Electrochemistry /Spectroscopy of Protein/Nanomaterial-B

蛋白质/纳米材料的电化学/光谱-B

• 批准号: 7059542
• 负责人: Hiroyasu Tachikawa
• 金额: $ 9.33万
• 依托单位: JACKSON STATE UNIVERSITY
• 依托单位国家: 美国
• 财政年份: 2006
• 资助国家: 美国
• 起止时间: 2006-01-01 至 2009-12-31
• 项目状态: 已结题
• 来源: https://reporter.nih.gov/project-details/7059542
• 关键词: Raman spectrometry; atomic force microscopy; biosensor device; electrochemistry; electrodes; enzyme substrate; enzymes; infrared spectrometry; interferometry; nanotechnology; proteins; spectrometry; surface property; technology /technique development; transmission electron microscopy; ultraviolet spectrometry

Conducting polymers have been used to modify electrode surfaces and to immobilize enzymes to construct biosensors for the detection of biomedically important species such as nitric oxide(NO), glucose, histamine, etc. We will use other substrates such as nanomaterials including nanotubes and nanoparticles, silica solgel, surfactants, and self-assembled monolayers (SAMs) to modify electrode surfaces for the immobilization of biomolecules in order to develop sensors for biomedically important species such as NO, thiols, histamine, and calcium.
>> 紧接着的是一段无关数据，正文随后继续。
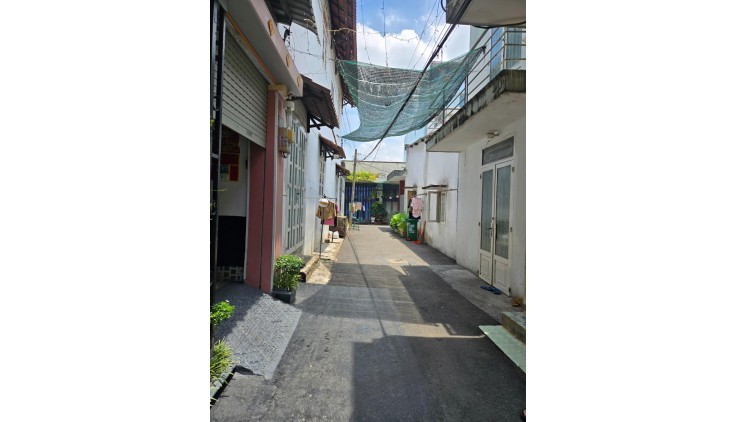 Bán nhà mặt phố Linh Xuân, Thủ Đức, 115m², 4.3 tỷ, sổ đỏ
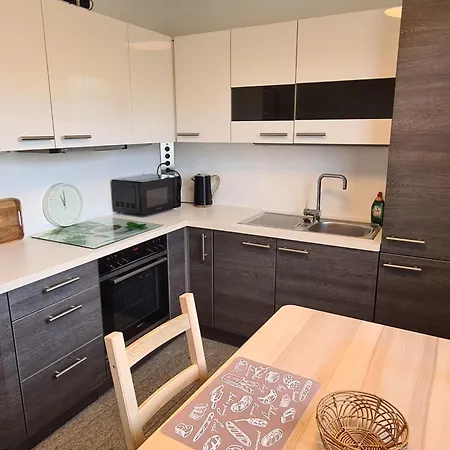 By Interhome 梅谢尼希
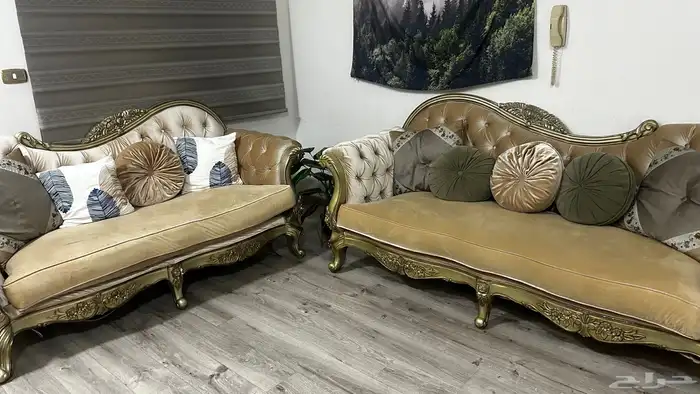 كنب قطعتين مع المخداث للبيع 3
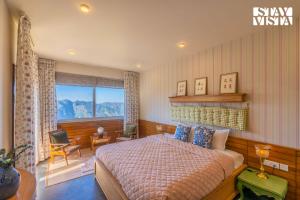 StayVista at Mist - Elysium Estate with WiFi, Bonfire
During the current grant period we have successfully measured the formal potentials of myoglobin and cytochromes by direct electrochemistry at electrodes modified with those substrates. We will use this approach to study several novel proteins such as pirin, decarboxylase enzymes, and diheme proteins by collaborating with two biochemistry professors at the University of Mississippi Medical Center. The hypotheses for the study are as follows:(1) the electrodes modified with those substrates help to carry out direct electrochemistry of novel proteins, and (2) the novel proteins on (or in) those substrates maintain the native form or at least these proteins are not denatured. Electrochemical methods such as cyclic voltammetry (CV), differential pulse voltammetry (DPV), and square wave voltammetry (SWV) will be used to determine the formal potentials of those proteins on (or in) different substrates. Electrochemistry will also be used to probe the interaction of the metal center (e.g., Fe) with dioxygen, NO, and the related transcriptional cofactors such as P50. These studies will help to find protein/matrix systems which may provide a fast electron transfer rate between the protein molecule and the substrate for the development of more sensitive transducers. These electrochemical studies will also provide valuable information for the protein chemistry involved in biomedical research. Those protein molecules on the modified electrodes as well as in solutions will also be characterized by spectroscopic methods including laser-Raman, FT-IR, UV-vis, atomic force microscopy (AFM), TEM, and SEM. These studies will provide spectroscopic evidence for the interactions between enzyme proteins and the modified electrodes and may be able to explain the differences.in electrochemical behaviors of protein molecules on different substrates.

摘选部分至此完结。